Tomorrow I have a random day off work since I need to work on saturday, this and the next. I don't get why they don't give me monday off so at least I have 2 days! But not, tomorrow I'm off and then on sunday, then I work until next sunday without a day off. How annoying. But next sunday I get to go to the beach, yay! I'm looking forward to it. The beach we have bbq at is beautiful, I can't wait. It's my fave event for foreigners in my area. Then a weekend after that I'm off on holidays for 4 days, going to an island to see the forest Miyazaki used in his Pricess Mononoke film. If the weather is good, I wanna go kayaking and diving. It's funny but I lived 10 years in the UK without going to the beach and never really missed it, but here I realised I actually love it. I used to go every weekend to the beach when I was little cos my folks had a house there, but then I grew out of it. It's great being closer to a nice beach now. I feel that if I lived by one I could stay in Japan forever.
Anyway.... tomorrow I'm spending the whole day on faceups. I have few of my own heads to work on and some commissions. Mind you, I work slowly on commissions cos they need to be perfect, but my own stuff if usually kinda ... yeah whatever~
Stuff I'm working on...
La Legende de Temps Dove... I have 2! Yep, one NS and one tan.
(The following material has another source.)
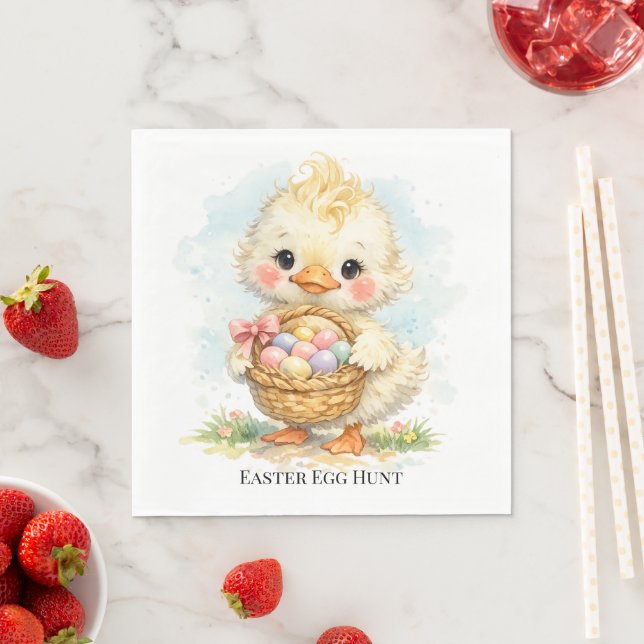 Cute Duckling Easter Egg Party Napkin (Insitu)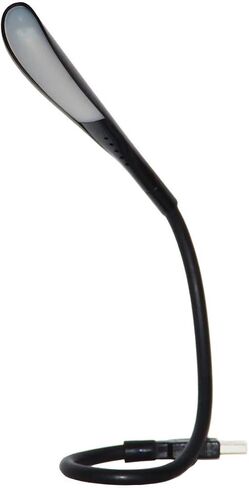 مصباح قراءة USB مزود بـ 14 مصباح LED و2 مصباح LED للكمبيوتر المحمول مع رقبة معقوفة مرنة - أبيض وأسود in Kuwait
I wanna keep the tan one but I can't seem to find a body for it. The closest match is dollshe pale tan, but then the body doesn't work for it, I could use dollstown 15years old body.... but it's ugly and I don't want it >.<! I thought maybe an Iplehouse nYID light brown, but apparently is not dark enough... :/ maybe a supia? But I don't know if the neck will fit. u_u that's why I hate buying just heads.
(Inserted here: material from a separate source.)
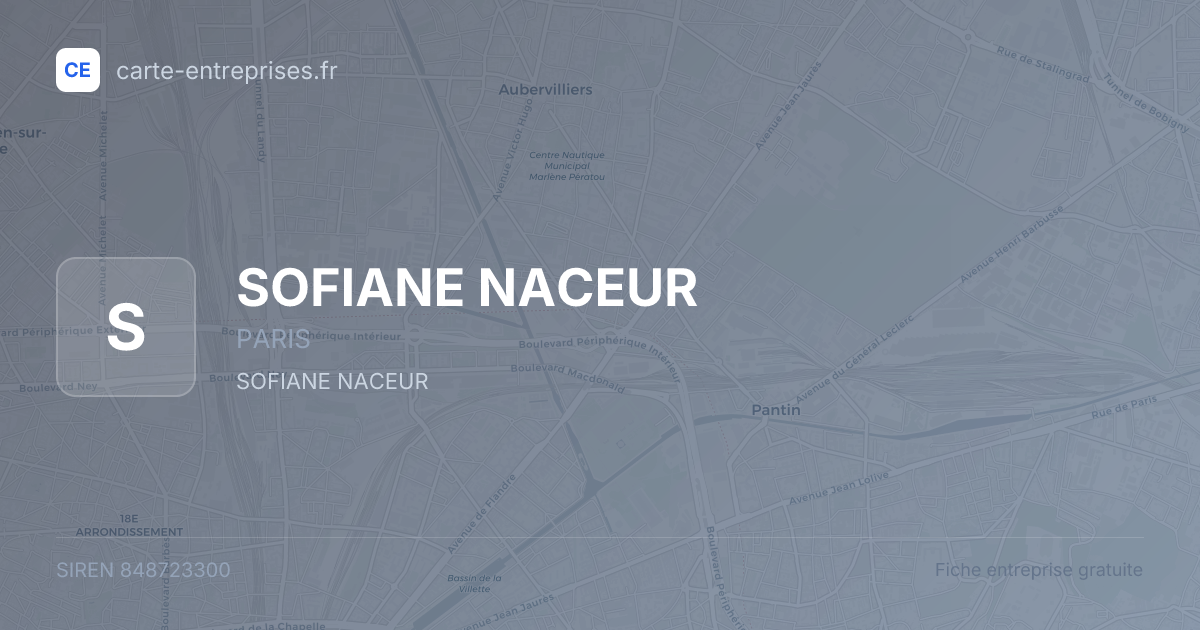 SOFIANE NACEUR — 848723300 — fiche entreprise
Switch Mara... I think it's a Mara lol... maybe it's a Uhui:R? I dunno... It's mine but I can't remember, i need to check the certificate. I'm selling this one as soon as I finish painting.
April Story... something, can't remember his name, Raven? Also for sale...actually, I'm gonna sell him with the body cos I don't have any head for that body now.
Crobidool G line. Commission. I'm so surprised to see the size of this head! G line is 78cm I think, huge! I'm looking forward to finish him. So much easier to paint big heads lol
IH Addiction ... not sure the sculpt but it's grey. I never painted on grey resin before so I'm excited about it too. I haven't yet started on that one, I need to make sure the sealer will not be all weird on grey.
Infinity Doll Ryan, that belongs to sdrcow
, I've had it for months, I few awful about it. But I painted and didn't really like it all that much for it's all dark and more evil looking lol. I wanted to try something else. I'm gonna finish and see how it goes, if I don't like it then I'll do another one. Sorry sweety~
No, I won't be able to finish everything tomorrow sadly. I also have another commission coming. Migidoll! Yay.... I have't painted one in YEARS. I'm so tempted to buy a Cho... I want a tan one... but I've had one before, a Miho, he was my 1st Hayaki, so cute. I need to see the size of the head cos it might not fit my collection anymore.
Writing scripts for the films and the comic will have to wait a little. September is a busy month, so many events at school, and to make matters worse, I'm in a play for the cultural festival this friday... oh man, I hate being on stage. Not only that I'm playing this arrogant foreigner who has to yell at one point. The problem is that the whole play is in Japanese apart from my lines and having to memorise when it's my turn to butt in is not easy T^T.... we have another 2 days of rehearsal.... u_u why do I get involved in things like that?
I feel like I've been very anxious. I know my stages and I got to the stage where I smoke. 3 days ago I smoked 6 fags in one evening. Mind you, I hadn't smoked in 2 years. I never say I quit because I know eventually I will feel like smoking again, so I say I have stopped for a while. I even have packs at home and I just leave them be really (bought them in 2012 lol) ... but yeah, the other day, I got them out. :/ That's how high my anxiety level is... I'm turned to fags. Not good. I remember I started smoking again when I found out I was coming to Japan. Here I stopped after ... 8 months I think.
I'm gonna try and relax, now sure how because I'm not sure what is actually making me this anxious.